CASE STUDY - STRUCTURAL ENGINEER PI

Increasing PI to $10M. The Spread Was 2.6x.

A structural engineer wanted to increase his PI limit to open up larger project work. His existing insurer couldn't accommodate it. We mapped the market and found a 2.6x difference in pricing for identical cover.

$10M PI Limit Sought
2.6x Price Spread
$5,700 Best Terms Obtained
NSW Location
01

THE SITUATION

A structural and civil engineer based in New South Wales operated a small two-person firm, with revenue of just under $200,000. The scope of work covered small residential projects, temporary works for demolition, council work including stormwater, footpath extensions, and kerb design. Flooding assessments and geotechnical work were explicitly outside scope, referred to specialists where needed.

His existing PI policy was $2 million, arranged through an online platform. He wanted to increase his limit to $10 million to be able to take on larger project work - the kind of work that requires higher cover as a condition of engagement.
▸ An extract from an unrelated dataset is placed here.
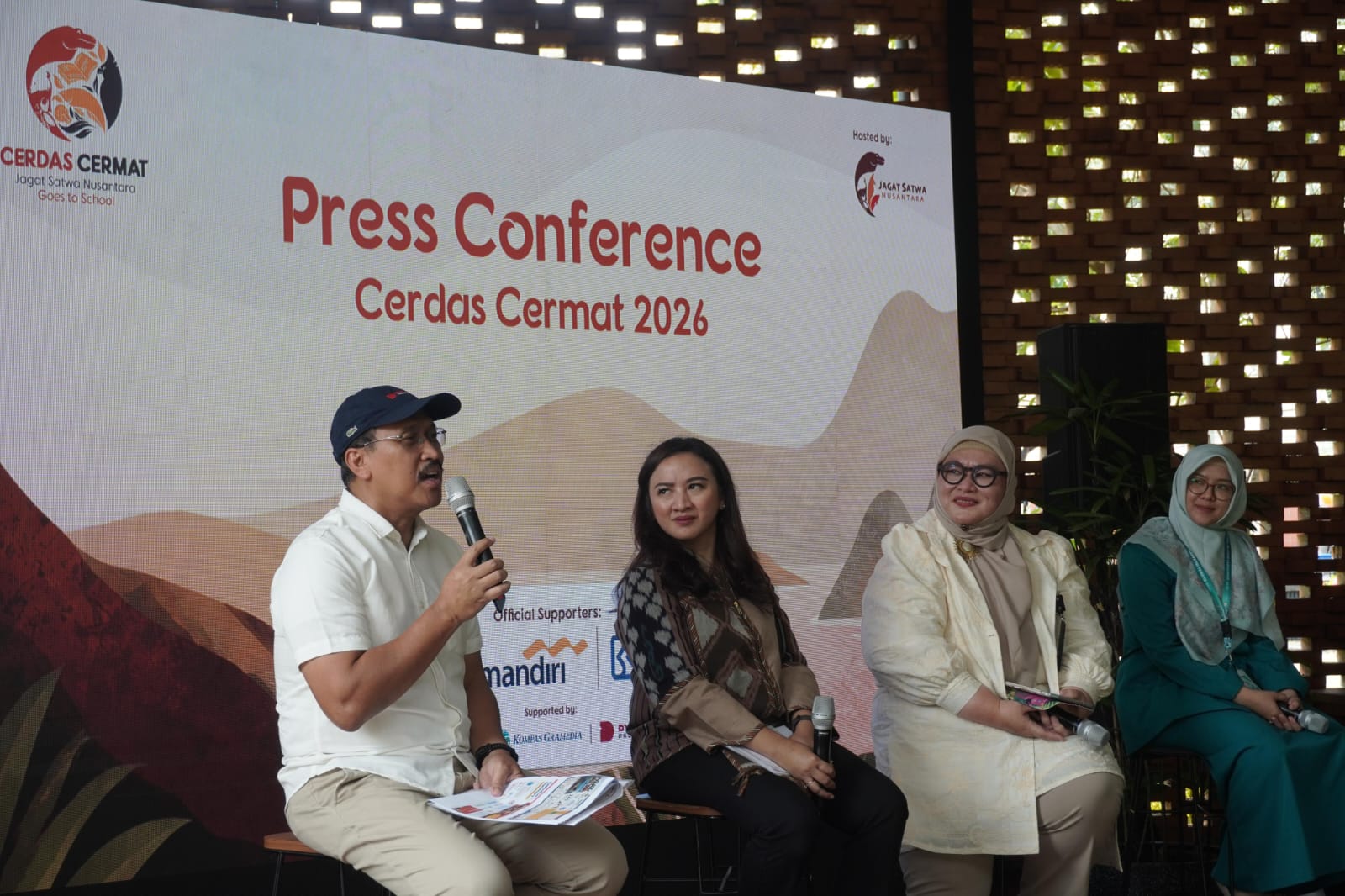 Kompetisi Cerdas Cermat Jagat Satwa Nusantara Buka Pendaftaran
We took the $10M PI to the market.

02

OUR APPROACH

We approached the market through both specialist underwriting channels and platform-based access, reaching a broad spread of underwriters including ProRisk and Progress.

Each submission included the full scope of work - the structural and civil split, the council work, temporary works for demolition, and the explicit exclusions around flooding and geotechnical. The $10M limit was stated upfront in every submission.
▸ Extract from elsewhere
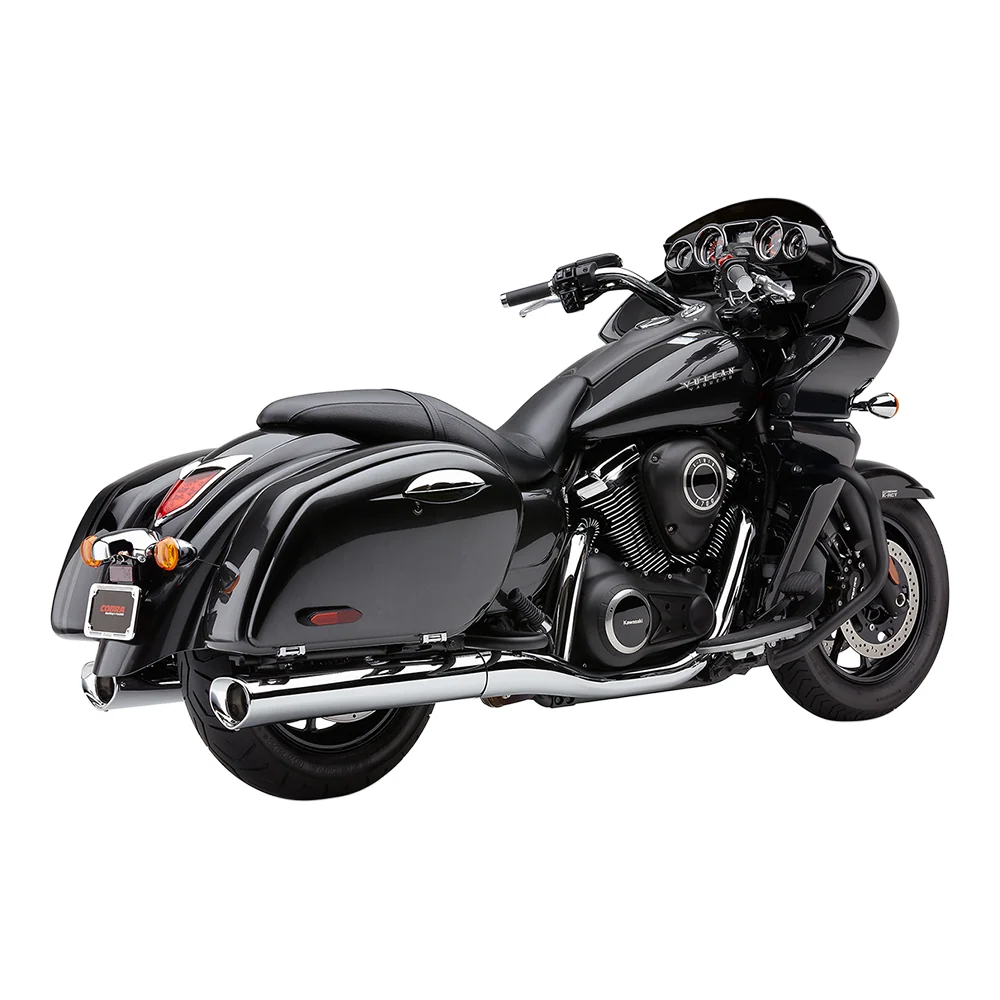 Cobra Tri-Flo 5" Slip-On Ljuddämpare till Kawasaki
We also ran a $2M parallel quote to give the engineer a comparison point for his existing coverage level.

03

THE CHALLENGE

ProRisk was willing to quote at $2M but declined when the limit was raised to $10M. Their appetite had a ceiling. Several other underwriters referred or couldn't accommodate the dual occupation - the 50% structural and 50% civil split required manual assessment rather than a straightforward platform quote, and some couldn't price it at the $10M level at all.
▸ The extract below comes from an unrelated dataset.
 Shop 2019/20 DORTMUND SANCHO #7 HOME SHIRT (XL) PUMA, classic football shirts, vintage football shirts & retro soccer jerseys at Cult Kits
That left two workable quotes from specialist underwriters - one at around $14,600, one at around $5,700. Same occupation, same limit. A 2.6x difference in premium.

This isn't unusual. Different underwriters apply different rate tables and rating algorithms to the same occupation combination. Structural and civil work at $10M PI sits differently in each insurer's pricing model. Without running both, the engineer could easily have paid $14,600 for cover that was available elsewhere at $5,700.

04

THE OUTCOME

We obtained the best available terms in the market at $10M through a specialist underwriter at around $5,700. The only other workable quote came in at $14,600 - roughly 2.6 times higher for identical cover.

The project the engineer was targeting ultimately fell through, so he didn't proceed with the $10M policy. He asked to be followed up at renewal to review his ongoing $2M arrangement. The submission work was complete - the market was fully mapped and terms were on the table - when the need dissolved.

The broader pattern is common for structural engineers. Many practices carry a base $2M policy for day-to-day work and then want to increase their limit to pursue larger or more complex projects. The gap between what an existing insurer can offer and what's needed is often what brings engineers to a broker. And as this case shows, the spread between the cheapest and most expensive quote for that uplift can be very significant.